TASK TO COMPLETE:
In the records below, reproduce exactly the lines from the one containing "Look at this" through the one containing "We looked at", both included, and omit the pictures.

INPUT DATA:
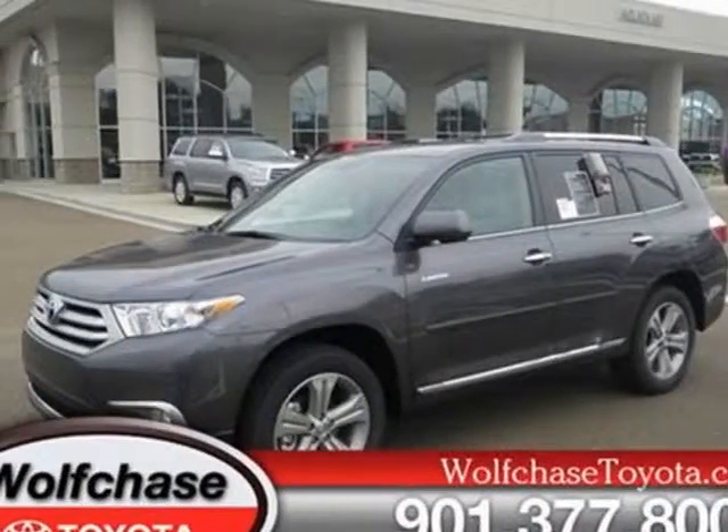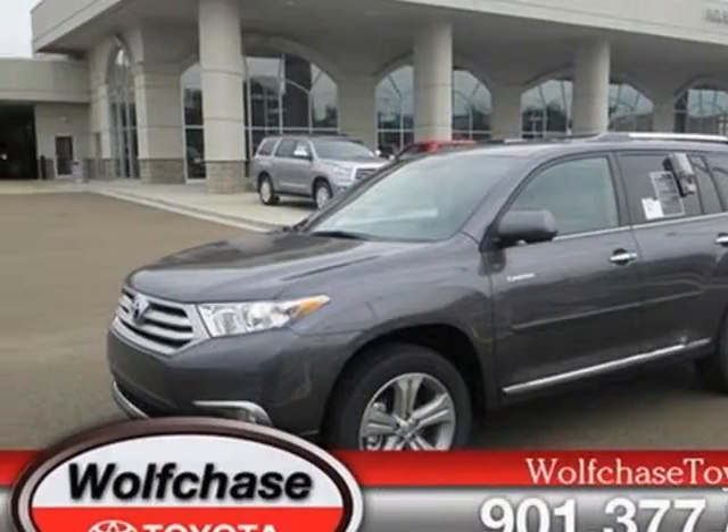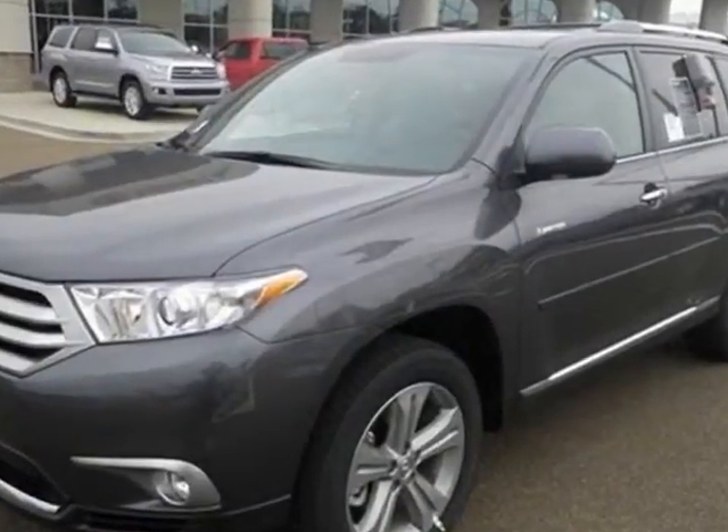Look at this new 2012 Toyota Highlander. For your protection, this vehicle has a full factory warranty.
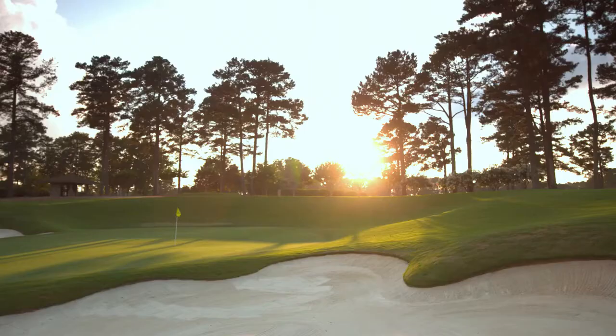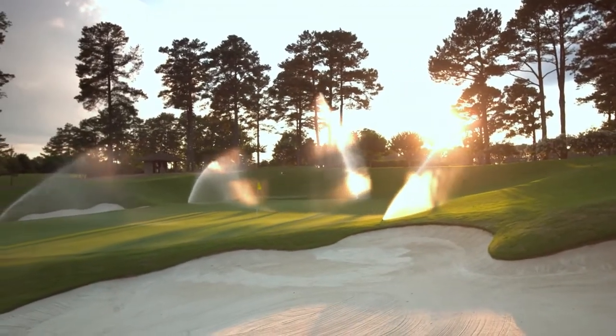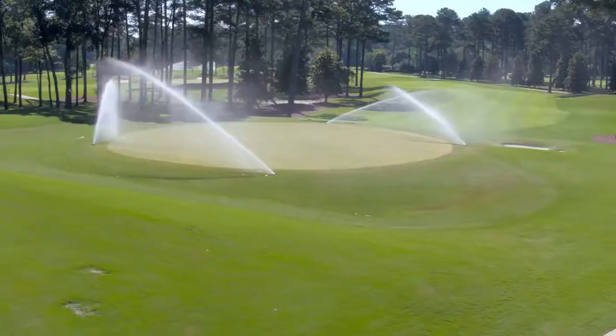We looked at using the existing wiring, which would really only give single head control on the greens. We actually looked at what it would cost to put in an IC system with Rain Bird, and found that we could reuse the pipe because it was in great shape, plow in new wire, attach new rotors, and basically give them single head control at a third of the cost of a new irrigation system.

---

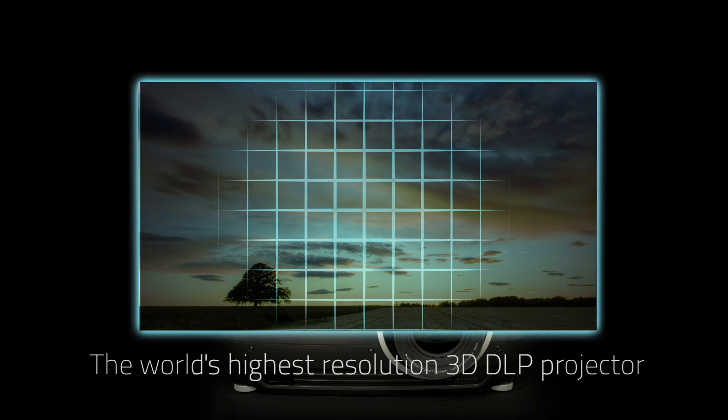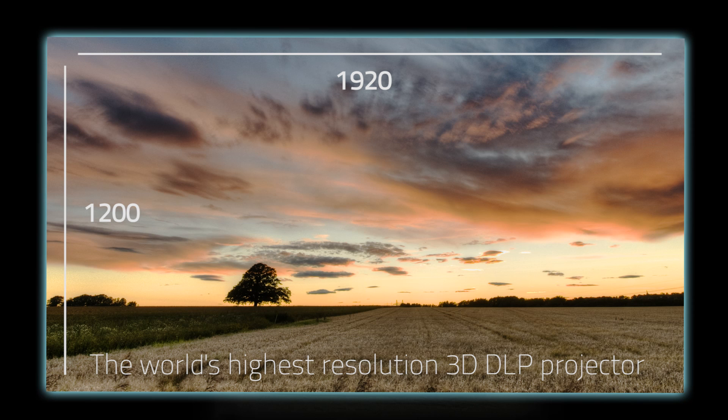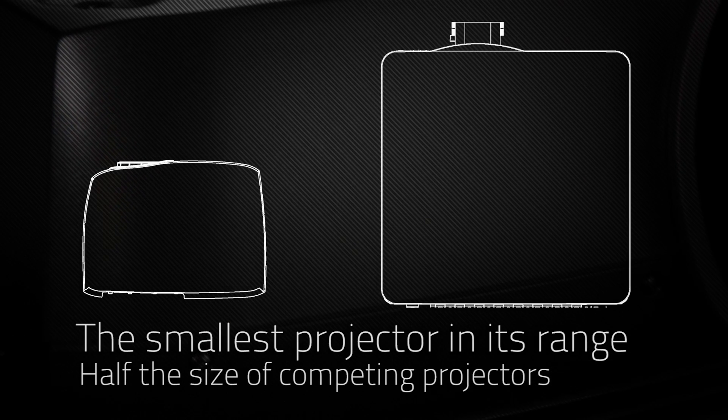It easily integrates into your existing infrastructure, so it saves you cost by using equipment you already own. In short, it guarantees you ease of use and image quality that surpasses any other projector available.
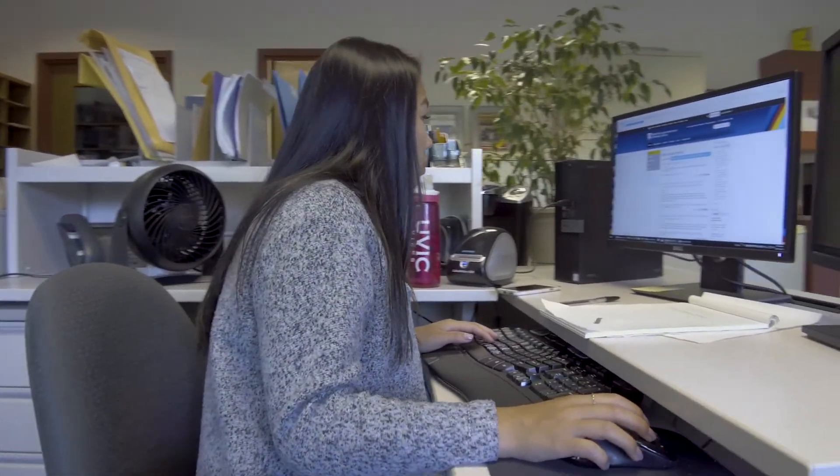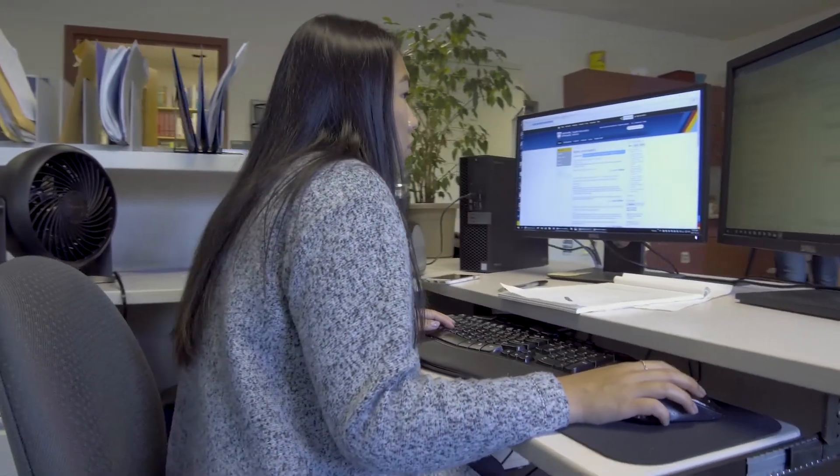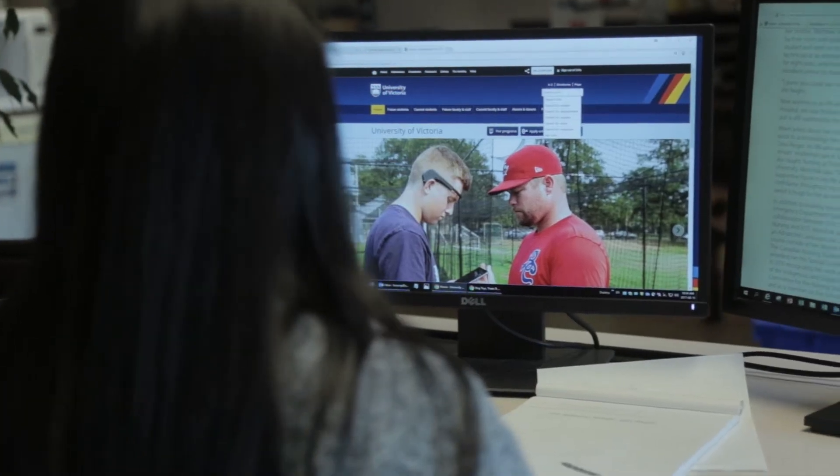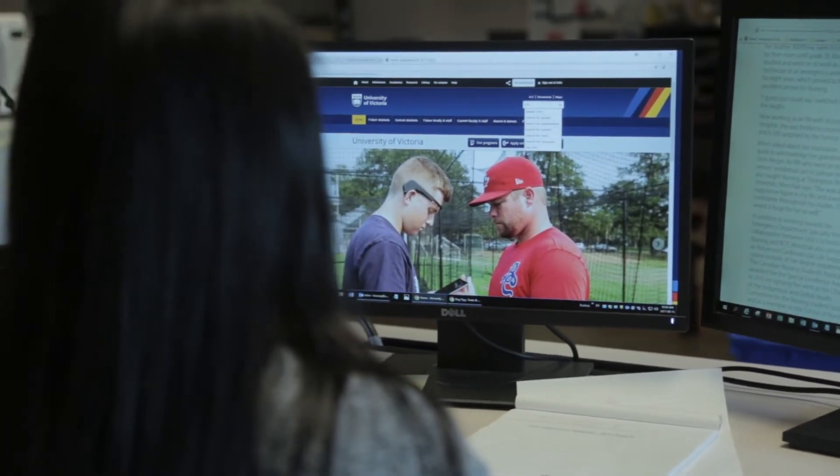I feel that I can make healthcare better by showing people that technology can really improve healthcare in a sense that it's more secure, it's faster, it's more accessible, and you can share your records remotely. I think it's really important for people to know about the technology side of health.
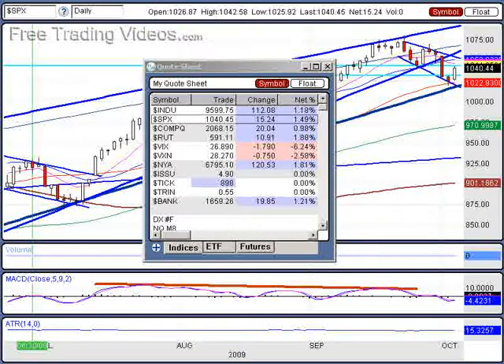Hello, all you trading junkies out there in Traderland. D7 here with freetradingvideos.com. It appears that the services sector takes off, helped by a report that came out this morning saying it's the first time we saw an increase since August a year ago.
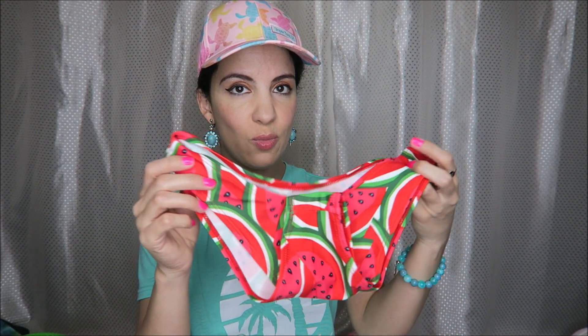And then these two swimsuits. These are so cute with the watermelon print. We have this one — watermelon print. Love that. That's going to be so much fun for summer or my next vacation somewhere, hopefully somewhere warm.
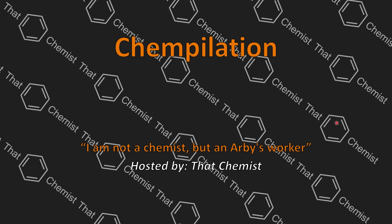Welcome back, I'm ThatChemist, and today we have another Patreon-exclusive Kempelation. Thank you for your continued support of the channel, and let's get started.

TASK OUTPUT:
Look at this new 2012 Toyota Highlander. For your protection, this vehicle has a full factory warranty.
We looked at using the existing wiring, which would really only give single head control on the greens. We actually looked at what it would cost to put in an IC system with Rain Bird, and found that we could reuse the pipe because it was in great shape, plow in new wire, attach new rotors, and basically give them single head control at a third of the cost of a new irrigation system.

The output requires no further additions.